Indiana's Lemon Law, How Does It Compare (Part 1b)

In Part 1a, we looked at how Indiana law handles the "reasonable allowance for use" calculation and how it encourages manufacturers to delay the resolution of claims. Let's take a look at how some of our neighbor states handle reasonable allowance for use:


The Illinois statutory provision reads: "A reasonable allowance for consumer use of a vehicle is that amount directly attributable to the wear and tear incurred by the new vehicle as a result of its having been used prior to the first report of a nonconformity to the seller, and during any subsequent period in which it is not out of service by reason of repair." Surprisingly, it does not appear that this provision has ever been interpreted, at least in a published opinion, by an Illinois appellate court. Since I don't practice in Illinois, I can't say how they put this provision into practice, but I believe I've heard that they often use the IRS mileage reimbursement figure.


Michigan law seems a little more consumer-friendly. The statute uses the 100,000 mile benchmark used by Indiana, but also provides that any mileage incurred from the date any defect is first reported up to 25,000 miles is excluded from the calculation, as well as any mileage incurred after 25,000 during which the vehicle "did not provide reliable transportation for ordinary personal or household use." I think these additional consumer protections would make excellent additions to Indiana's statute.

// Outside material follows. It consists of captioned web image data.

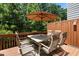 Cozy outdoor patio featuring a dining table set perfect for entertaining and enjoying the outdoors at 276 Linden Park Ln, Cary, NC 27519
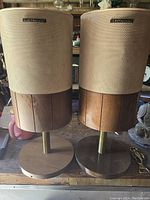 Pair of Electrohome mid century modern style speakers showing front view with beige patterned fabric covers and wooden bases.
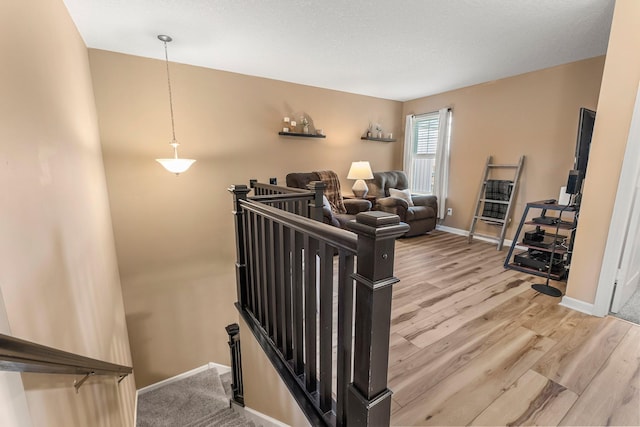 stairway with wood finished floors and baseboards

Ohio's lemon law has NO provision to account for the use (mileage) of the motor vehicle! If a vehicle is bought back under Ohio law, the vehicle owner is entitled to a refund of the entire purchase price.


Kentucky's lemon law provides that the manufacturer is entitled to a reasonable allowance for use when refunding the purchase price of a lemon. The only mileage exclusion is for mileage incurred during "those time periods when the vehicle is out of service due to the nonconformity." (Huh? I guess dealership test drives are excluded. What else????) However, it does not explicitly state, like Indiana's statute, that the miles continue to accrue even after the owner has tendered the vehicle (by letter) to the manufacturer.

The conclusion? Looking purely at the respective statutes, Indiana's statute would appear to be the least favorable to consumers among all its neighbors, followed by Illinois and Kentucky, then Michigan, and finally Ohio, because if you have a lemon in Ohio, you can drive the car like crazy and still get a full refund.

Do I think Indiana's statute should be amended? Yes. I think a reasonable compromise would be to cap the "reasonable allowance for use" to the miles incurred before the defect that caused the vehicle to be a lemon appeared.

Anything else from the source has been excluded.